I am not sure if we’ll get time for a flutter. We have a memorable day coming up ourselves as we all take to the sky. Poll position, breakfast at the Park Beach Surf Club, we watch small fun waves go by unridden, almost sacrilege. I hear a voice ‘don’t eat too much or you might be sorry’.
As we head out to Aviation Drive the nerves are jangling. The two eldest Sophie and Nick are hyperventilating as they do their best to psyche themselves up for a tandem sky dive courtesy of Coffs City Skydivers. Meanwhile the more sedate members of the family are going to take in the sights of the beautiful city and beaches in a helicopter ride with Precision Helicopters. We put our headsets on and the aviation chatter begins.
‘Wind seven knots. Clear for take off.’ Our pilot Andrew fully engages the throttle and the rotors spin furiously. ‘Will let you know when we are airborne.’
It’s quite obvious to us and away we go rising majestically out over Mutton Bird Island and the harbour. It sounds corny, but what a thrill! We head north and sweep along the coast…wow! A truly remarkable experience and some of the most memorable sights ever. Unfortunately before we know it we are back on the ground and even the nervous flyers are disappointed. Mother has taken her first ‘selfie’ apparently never to be seen unless the hackers get hold of it. Meanwhile Lucy has somehow restrained herself and heeded Andrew’s warning not to put the iphone out the window to be sucked into the vortex.
As for the sky diving, it’s better if Sophie and Nick tell the story. Both are still buzzing hours after and vow to take to the air and do it all again.

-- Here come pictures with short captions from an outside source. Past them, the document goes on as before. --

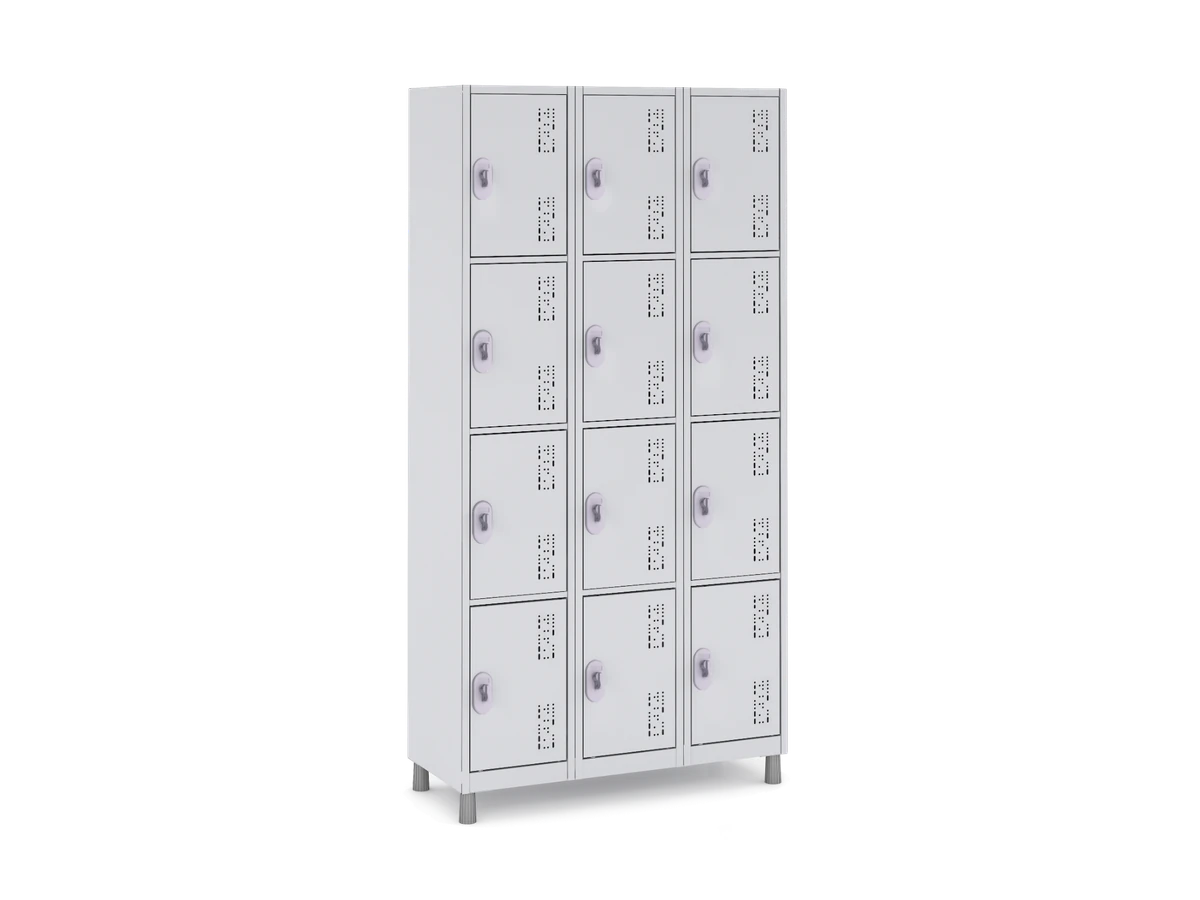 Armário de aço com 12 portas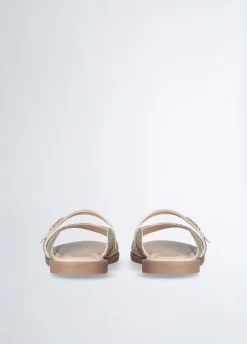 Liu Jo Sandalias planas con efecto laminado- Zapatos|Zapatos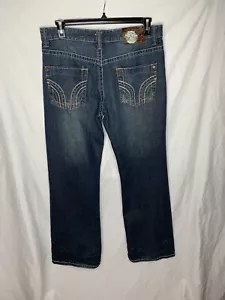 Franky Max Jeans Herren 35x32 Mid Rise Bootcut Wide Leg Skater Y2K Distressed - Bild 1 von 24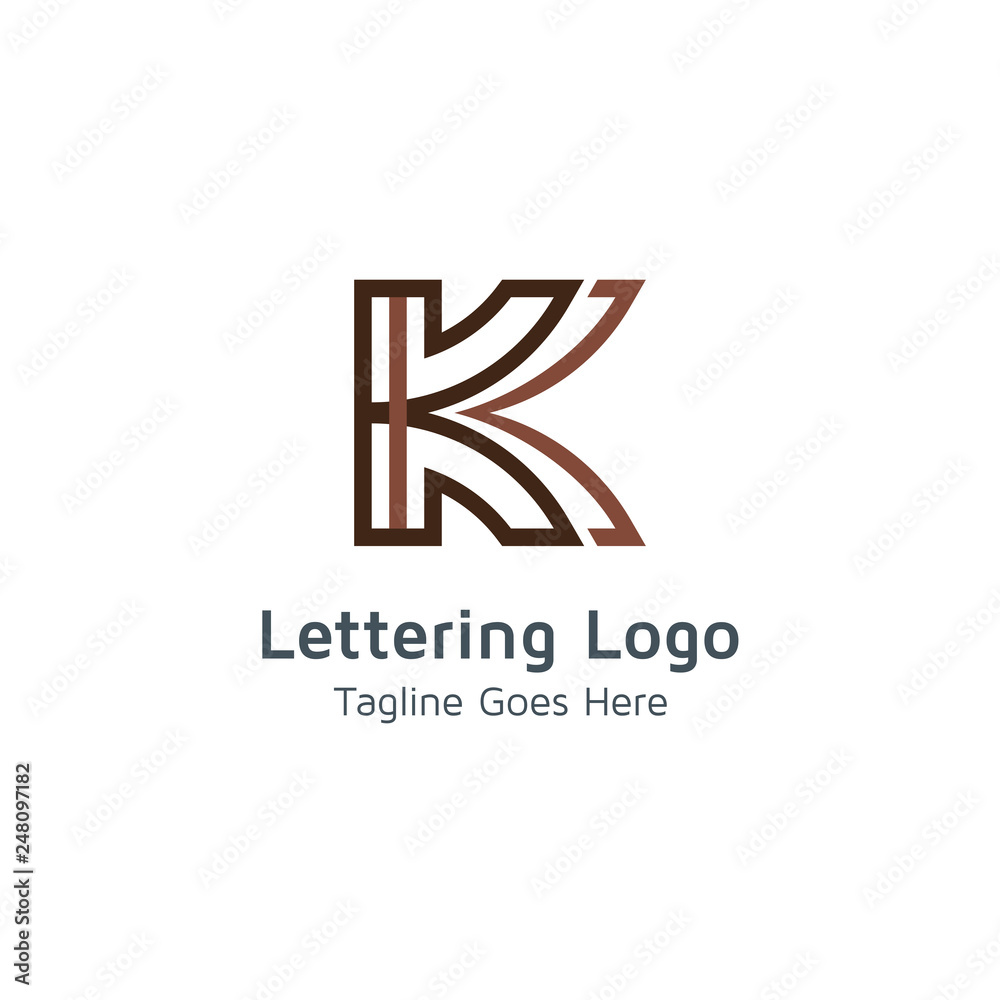 Lettering K Vector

Hoarse from screaming, Nick says, ‘when I plunged head first out of the plane I thought I was going to die.’
‘It’s terrifying when you first jump, it’s a sensory overload,’ says Sophie. ‘It’s a funny thing but I always felt safe.’
The quote of the day goes to tandem master Zac ‘Ballsy’ Edwards when he yells in Nick’s ear, ‘come on parachute please open’. When the chute opens Nick lets loose with a string of expletives muffled on the wind, but the lips tell the story.
Nick goes back to the hangar to retrieve his footage to document his adventure. He runs back to the car, still excited of course. It’s his new black – the altered state. He exclaims breathlessly to all, ‘the guys are just like surfers’. Between jumps Pico, Ballsy and Luke are watching skydiving movies. You’ve got to love adrenalin junkies!
We missed the race. The glamour, glitz and champagne will have to wait until next year. Lunch is rapid fire with fish, two hours fresh, from Fisherman’s Coop on the wharf then off to the pretty village of Sawtell for a much needed change of pace.
Hello water we’ve hardly missed you! Paddles push against the current as we gently glide out to the mouth of Boambee Creek. Nirvana, quite…peaceful… splash…breathe…bliss. Our guide from C-Change Adventures Matt Sparrius is a wealth of information as he points out the hidden secrets in and around this sacred place. He acknowledges the Gumbaynggirr people the traditional custodians and shows us many significant sites. A flight of cormorants swim, dive and fish in the upper reaches of the estuary only meters from our kayaks.
The gum trees stand tall behind the mangroves, casuarinas and other unique coastal vegetation. The dividing range looms large adding weight to an awesome panorama. To top it off a milky moon, almost full, rises in the late afternoon light above the sea.
I knew vaguely where I was but with no GPS I went for my sextant, oops, must have left them in my other shorts. I could only guess where I was boats, harbour and then low and behold Latitude 30 loomed into view. Was this a hint or a restaurant?
As I tuck into my blue eyed cod. I am amazed to see a lobster arrive in front of Nick. How did that happen? Meanwhile the less decadent enjoy paella. More decadence to my left, bugs for our host, fish and chips to the less discerning, still look delicious. No one is talking and Nick has devoured the tail and works through the claws with a bevy of culinary tools. Around us other diners are being delivered equally tantalising and impressive meals. In between mouthfuls we can finally relax and take in the sea and coastal views. It doesn’t get better than this!